The World champions simply had to win. Two consecutive home defeats would have shattered their status so early in their reign, the prospect was unacceptable to the players, fans, and coach alike.
And in the end, ten points separated Wales and England - breathing space - just enough for the 70,000+ plus crowd to leave Twickenham with bowels intact.
That may not have been the case midway through the second half, two Wales tries had given the visitors the lead, and they looked more than capable of finding space against an extraordinarily narrow English defence.
The storm was weathered, England's forwards eventually gaining the upper hand at the set piece and in the loose, and the final 15 minutes were a 'backs to the wall' defensive effort for Wales.
Northampton wing Cohen took his international tally to 28 touchdowns with a try in each half to win the plaudits and earn the RBS Six Nations Man-of-the-Match.
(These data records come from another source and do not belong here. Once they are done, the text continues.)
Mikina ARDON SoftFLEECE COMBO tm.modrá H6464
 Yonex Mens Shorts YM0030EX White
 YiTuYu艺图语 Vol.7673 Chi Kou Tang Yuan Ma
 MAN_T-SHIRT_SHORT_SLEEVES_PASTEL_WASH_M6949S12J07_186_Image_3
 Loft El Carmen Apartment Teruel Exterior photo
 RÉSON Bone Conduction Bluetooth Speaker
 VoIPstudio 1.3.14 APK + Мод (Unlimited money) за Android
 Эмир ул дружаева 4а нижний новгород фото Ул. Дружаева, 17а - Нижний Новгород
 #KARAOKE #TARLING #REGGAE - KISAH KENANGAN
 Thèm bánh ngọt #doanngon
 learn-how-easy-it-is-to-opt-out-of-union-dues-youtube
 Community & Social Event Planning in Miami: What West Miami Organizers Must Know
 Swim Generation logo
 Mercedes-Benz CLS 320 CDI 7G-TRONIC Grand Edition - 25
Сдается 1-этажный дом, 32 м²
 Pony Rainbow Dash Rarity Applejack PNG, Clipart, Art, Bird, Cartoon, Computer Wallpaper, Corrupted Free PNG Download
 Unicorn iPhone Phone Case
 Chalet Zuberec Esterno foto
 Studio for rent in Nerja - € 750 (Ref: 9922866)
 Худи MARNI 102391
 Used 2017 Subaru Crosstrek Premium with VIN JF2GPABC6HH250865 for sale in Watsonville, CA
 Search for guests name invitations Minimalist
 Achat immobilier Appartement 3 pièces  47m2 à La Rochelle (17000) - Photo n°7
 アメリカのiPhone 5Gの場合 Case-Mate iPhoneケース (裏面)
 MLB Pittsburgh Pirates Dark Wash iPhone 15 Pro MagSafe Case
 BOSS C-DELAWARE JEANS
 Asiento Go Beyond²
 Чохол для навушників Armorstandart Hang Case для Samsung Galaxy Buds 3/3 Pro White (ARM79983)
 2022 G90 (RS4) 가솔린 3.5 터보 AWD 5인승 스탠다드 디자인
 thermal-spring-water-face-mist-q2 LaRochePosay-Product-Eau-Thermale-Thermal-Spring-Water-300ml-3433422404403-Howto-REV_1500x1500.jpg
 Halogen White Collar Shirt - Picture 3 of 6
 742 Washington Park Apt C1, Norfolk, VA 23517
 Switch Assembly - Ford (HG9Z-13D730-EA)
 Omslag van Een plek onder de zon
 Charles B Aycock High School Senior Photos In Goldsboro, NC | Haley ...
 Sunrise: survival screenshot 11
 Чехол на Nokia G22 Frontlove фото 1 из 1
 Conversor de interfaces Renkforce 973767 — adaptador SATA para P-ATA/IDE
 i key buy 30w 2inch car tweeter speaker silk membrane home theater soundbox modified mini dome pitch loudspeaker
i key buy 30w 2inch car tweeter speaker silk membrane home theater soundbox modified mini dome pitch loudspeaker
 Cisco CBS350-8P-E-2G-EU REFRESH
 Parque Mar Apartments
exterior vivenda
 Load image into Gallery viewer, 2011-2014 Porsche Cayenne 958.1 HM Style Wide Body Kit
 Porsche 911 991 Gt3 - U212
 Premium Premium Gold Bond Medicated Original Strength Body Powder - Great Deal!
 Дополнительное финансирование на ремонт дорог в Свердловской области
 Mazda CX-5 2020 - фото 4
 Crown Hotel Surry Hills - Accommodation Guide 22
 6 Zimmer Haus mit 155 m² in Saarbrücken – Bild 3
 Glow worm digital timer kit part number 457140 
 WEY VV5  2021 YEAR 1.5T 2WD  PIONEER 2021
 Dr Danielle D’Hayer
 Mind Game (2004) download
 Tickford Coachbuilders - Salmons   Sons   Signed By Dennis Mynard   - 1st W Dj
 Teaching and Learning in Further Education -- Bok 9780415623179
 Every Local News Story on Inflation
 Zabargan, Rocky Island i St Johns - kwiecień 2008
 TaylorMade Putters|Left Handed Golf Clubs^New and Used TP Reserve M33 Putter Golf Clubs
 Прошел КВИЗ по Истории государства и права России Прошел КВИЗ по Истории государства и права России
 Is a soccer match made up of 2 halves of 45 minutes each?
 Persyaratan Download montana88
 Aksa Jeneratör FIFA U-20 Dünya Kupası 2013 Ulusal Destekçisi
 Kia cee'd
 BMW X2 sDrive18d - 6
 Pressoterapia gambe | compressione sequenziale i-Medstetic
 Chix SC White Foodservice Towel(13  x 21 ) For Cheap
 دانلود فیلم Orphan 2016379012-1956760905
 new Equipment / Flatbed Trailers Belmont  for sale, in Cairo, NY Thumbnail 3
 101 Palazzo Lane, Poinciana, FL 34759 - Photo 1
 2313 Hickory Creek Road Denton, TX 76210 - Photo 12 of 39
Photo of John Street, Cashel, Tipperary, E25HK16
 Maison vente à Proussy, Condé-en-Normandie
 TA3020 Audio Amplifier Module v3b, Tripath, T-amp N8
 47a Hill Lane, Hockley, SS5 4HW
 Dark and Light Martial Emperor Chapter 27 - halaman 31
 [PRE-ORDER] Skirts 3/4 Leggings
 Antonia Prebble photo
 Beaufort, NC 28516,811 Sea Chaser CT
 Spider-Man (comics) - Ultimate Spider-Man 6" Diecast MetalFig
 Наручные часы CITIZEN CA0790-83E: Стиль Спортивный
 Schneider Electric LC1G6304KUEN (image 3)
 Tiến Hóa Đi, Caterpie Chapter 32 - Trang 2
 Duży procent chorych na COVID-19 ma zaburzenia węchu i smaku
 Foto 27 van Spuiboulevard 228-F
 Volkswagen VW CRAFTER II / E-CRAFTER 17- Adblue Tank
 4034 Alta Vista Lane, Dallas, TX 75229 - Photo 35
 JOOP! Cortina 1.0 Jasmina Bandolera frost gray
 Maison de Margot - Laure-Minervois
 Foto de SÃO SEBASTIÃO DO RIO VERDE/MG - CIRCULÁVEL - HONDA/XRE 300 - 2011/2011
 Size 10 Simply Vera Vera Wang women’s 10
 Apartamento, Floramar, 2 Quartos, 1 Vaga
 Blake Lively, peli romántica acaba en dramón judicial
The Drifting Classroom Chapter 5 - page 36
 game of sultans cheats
Rookie fly-half Olly Barkley, making his first Test match start, slotted 16 points from four penalties and two conversions, while substitute flanker Joe Worsley added a last-minute try wide out.
But Wales were always in contention, wiping out a 16-9 interval advantage to lead 21-16 before Cohen and Barkley inspired a late England rally.
The victory means that England will almost certainly retain their Six Nations title on points difference if they beat France in Paris next Saturday.
Wales can only look forward to a tournament finale against Italy in Cardiff next weekend - coach Steve Hansen's last match in charge before he returns to New Zealand.
They made England work for victory though, and the Welsh performance proved in stark contrast to recent appearances at Twickenham, when England posted an average of 50 points a time.
Wales, who came so close to ending England's World Cup ambitions, returned to haunt them at Twickenham, claiming tries from full-back Gareth Thomas and centre Mark Taylor.
Thomas's touchdown put him level with Ieuan Evans' Welsh record of 33 Test tries, and, with a little more luck, Wales might have claimed their first Twickenham triumph since 1988.
The scrum - much maligned after the mualing it took against France - was much improved, and the backline minus Iestyn Harris still had enough invention and gas to cause England problems.
The ten-point cushion would have pleased mo-one more than Sir Cliev Woodward, for he knows, as all fans did, that it could very easily have been the other way round.
Signs that Wales are improving are for all to see, Hansen now faces the banana skin of the Azzuri in the Millennium Stadium next week, in - despite the 1-3 win loss record, a good Six Nations competition for Wales.
Tries: Cohen 2, Worsley
Cons: Barkley 2
Pens: Barkley 4
Tries: Thomas, Taylor
Pens: Jones 3
England: Robinson, Lewsey, Greenwood, Tindall, Cohen, Barkley, Dawson; Woodman, Thompson, Vickery, Grewcock, Kay, Jones, Hill, Dallaglio (capt).
Replacements: Regan, White, Borthwick, Worsley, Gomarsall, Catt, Simpson-Daniel.
Wales: G Thomas, R Williams, Taylor, Shanklin, S Williams, S Jones, Cooper, D Jones, McBryde, Jenkins, Cockbain, Owen, J Thomas, Charvis (capt), D Jones.
Replacements: Davies, Evans, Llewellyn, Williams, Peel, Sweeney, Robinson.